The Terriers are no stranger to the nationwide landscape, with their men's soccer team having won back-to-back Northeast Conference championships, and their men's water polo squad having reached three Final Fours in the last five years. But as is usually the case at a school whose athletic offerings do not offer football, basketball drives the bus, and at 18-9 this season, 12-2 in the NEC, St. Francis Brooklyn; no longer St. Francis (NY) after a rebranding initiative of 2012 that some national scribes have yet to acknowledge, is firmly positioned to do something that has never been accomplished on the corner of Remsen and Court: Win a conference championship and its accompanying automatic bid to the NCAA Tournament.

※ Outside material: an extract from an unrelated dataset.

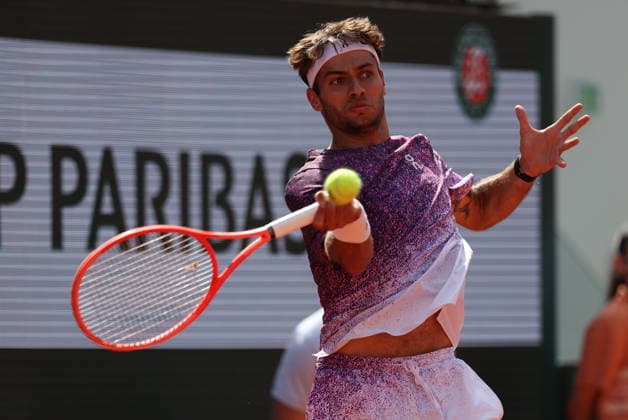 ROLAND GARROS 2026 Thierry Larret MAXPPP - PARIS (75) 07 06 2026 Thierry Larret Maxppp. Tennis. Roland Garros 2026. Internationaux de France de tennis. Stade Roland Garros, Paris (75). Le 7 Juin. Court Philippe CHATRIER : Finale Hommes. Flavio COBOLLI (ITA) vs Alexander ZVEREV (GER). PARIS (75) STADE ROLAND GARROS PARIS ILE DE FRANCE FRANCE  Copyright: xMAXPPPxThierryxLarretx TLR202606072119 TLR202606072119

On the hardwood, the Terriers have had their share of high moments in the past several years, a win over Jim Larranaga's Miami Hurricanes and a near-upset of Syracuse inside the Carrier Dome chief among them. Beyond the wins and losses, though, St. Francis is a team that is easy to root for. Their coach, Glenn Braica, is a native Brooklynite who was an assistant during the Terriers' last flirtation with the glass ceiling, over a decade ago, and a coach whose hard-nosed defensive schemes and aggressive player development skills have turned players like Jalen Cannon and Brent Jones into the class of the NEC the same way his former projects the likes of D.J. Kennedy, Paris Horne and Dwight Hardy helped transform St. John's and bring the Red Storm back to the nation's forefront. Braica's staff, which includes his former boss, Ron Ganulin, and one-time Terrier shooting guard Jamaal Womack, promotes his family environment. Finally, the players on the roster are some of the more humble student-athletes in Division I college sports, not taking anything for granted, but at the same time, eager to prove to the world that they belong.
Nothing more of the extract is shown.